Another simple experiments that would get at mechanism is to examine the effect of JWH133 on nerve injury provoked microglial activation in the dorsal horn. If a decreased activation were demonstrated, the case would be much stronger that the drug is acting on sensory neurons.
Previous studies have reported a relevant role of CB2 receptor activity in the control of nociceptive responses through central areas such as the rostral ventromedial medulla (Li et al., 2017; Song et al., 2018). Therefore, an effect of JWH133 on spinal microglial activation could be the result of modified descending input from this pain-modulating region. These previous results also underline a broad role of microglia in pain control that seems to be not only limited to the spinal dorsal horn.

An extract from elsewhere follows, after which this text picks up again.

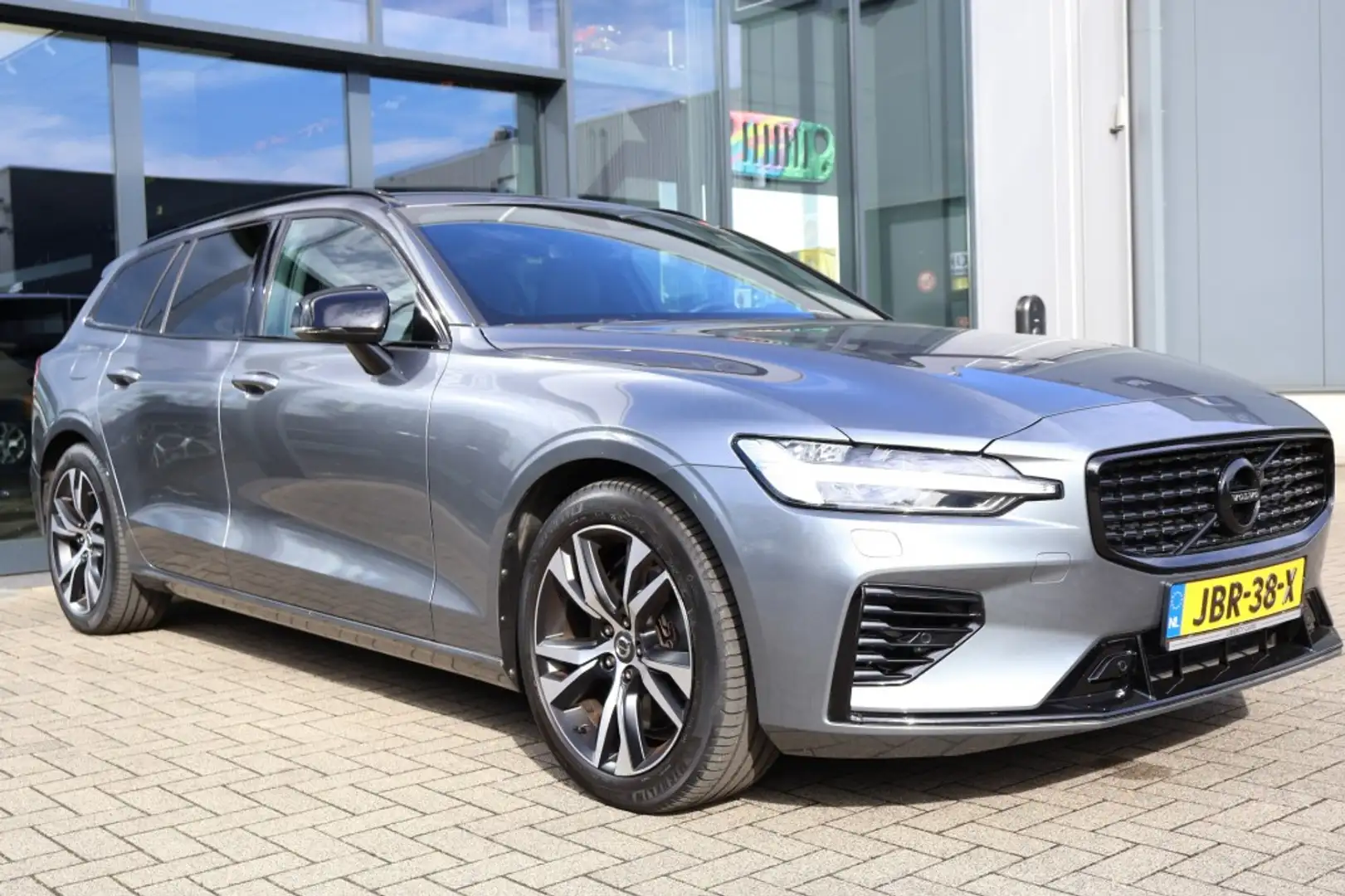 Volvo V60 2.0 T8 AWD R-DESIGN / CAMERA / Memory Seats Grau - 2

Concerns about the immunohistochemistry: First, the images presented are not all that convincing, and particularly difficult to read given that the percentage of double labeled neurons is small. It is also very odd that the authors had to use TSA amplification. Also there is no mention of controls for antibody specificity.
Additional images showing higher levels of double-labeled neurons have been added. They constitute now Figure 4—figure supplement 5 (A, CB2-GFP Sham; B, CB2-GFP PSNL) and Figure 4—figure supplement 6 (Amplified Merged Images of CB2-GFP Sham and CB2-GFP PSNL from Figure 4—figure supplement 5).
We used Tyramide Signal Amplification (TSA) due to low signal-to-background ratio, which could be associated to the sample processing or to low expression levels. Specificity tests for TSA are shown in Figure 4—figure supplement 7. Controls for antibody specificity are included as Figure 4—figure supplement 8. All supplements are mentioned in the legend of Figure 4.